Jose Mourinho’s mastery of the English language – as with so much else – is truly remarkable.
Chelsea’s Portuguese manager showed his flair for local slang once more at the weekend in his appraisal of opposition defender Jonas Olsson as a “mickey mouse footballer”; an assessment that apparently led to a 22-man brawl, with both sets of players involved in the tunnel ruckus following the Blues’ 2-2 draw with West Bromwich Albion on Saturday.
When added to his quotes regarding the support offered at his club’s own ground, belittling the atmosphere in SW6 as “not very hot” and “not very strong”, while labelling the home fans as being of “a different profile”, Mourinho’s input makes for excitement of a level rarely seen on the pitch in recent months.
Save for the final seconds on Saturday, that is. When Ramires’ route to goal was blocked by a retreating Steven Reid deep inside the West Brom area in the 96th minute, even the belatedly raucous Blues faithful seemed to appeal more out of desperation than conviction.

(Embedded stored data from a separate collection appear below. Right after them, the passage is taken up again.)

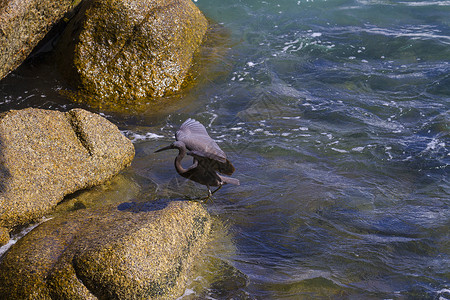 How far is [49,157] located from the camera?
5.15 metres

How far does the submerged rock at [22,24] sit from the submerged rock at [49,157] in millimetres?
2983

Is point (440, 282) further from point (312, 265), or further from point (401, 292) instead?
point (312, 265)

But once referee Andre Marriner had pointed to the spot, Eden Hazard had got his timing spot on and removed his name from Mourinho’s bad books by unerringly slotting home the resultant penalty – and after all else was said and done – The Special One’s special record still stood.

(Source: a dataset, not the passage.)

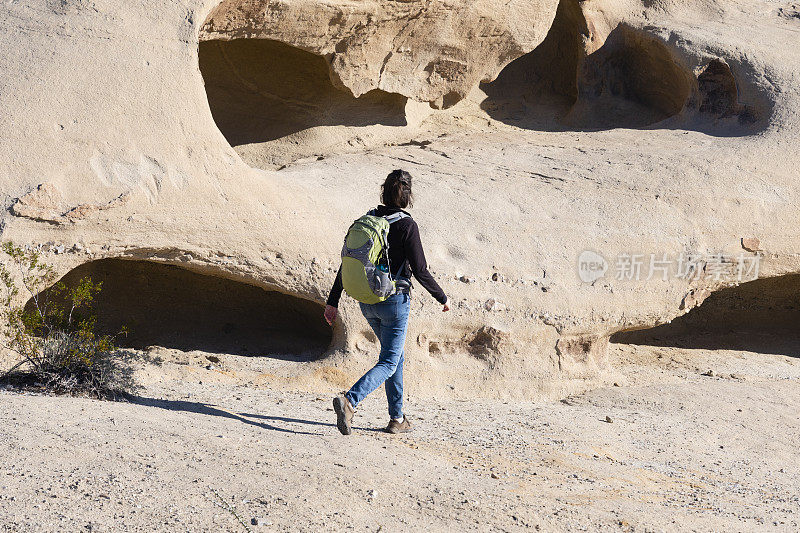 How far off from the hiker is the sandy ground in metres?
0.33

It is now 66 unbeaten home league games and counting for Jose across two stints in West London and this may well have felt like the luckiest. Not since Everton were wrongly deprived of an injury time winner on the 2006-7 season’s final day had the extraordinary run come so close to being halted.
Chelsea’s weekend display was lethargic at best with efforts even downright complacent on occasion during this latterly dramatic duel. Legendary former defender Steve Clarke led his Baggies side South with a game plan that worked: defence was centred around gently squeezing a pedestrian and predictable Blues outfit inside and in front of the back four, while their attack was poised to spring forth with menace and pace on the counter as soon as one of their more revered opponents tired or grew impatient and became sloppy in possession.
With no Juan Mata again in the eleven, the hosts would have retired to the dressing room following an insipid first 45 minutes with little to show and a lot to prove, were it not for the unending impishness and improvisation of the team’s pickpocket–in-chief, Samuel Eto’o, as the Cameroonian capitalised on an astonishingly lacklustre piece of reactionary defending by Liam Ridgewell to give the Blues the lead just before the interval.
Had the scores been level, the reception reserved for the home players as they re-entered the field after the break may actually have been more encouraging, with the usual battle-cries coming more out of anticipation than apathy. As it was, Mourinho was right in his summation as the struggle continued even beyond the final whistle and the confines of the pitch as the sorry crowd contended with the conditions on the long walk back down the Fulham Road and considered the future, in the event that results stay the same or, indeed, worsen.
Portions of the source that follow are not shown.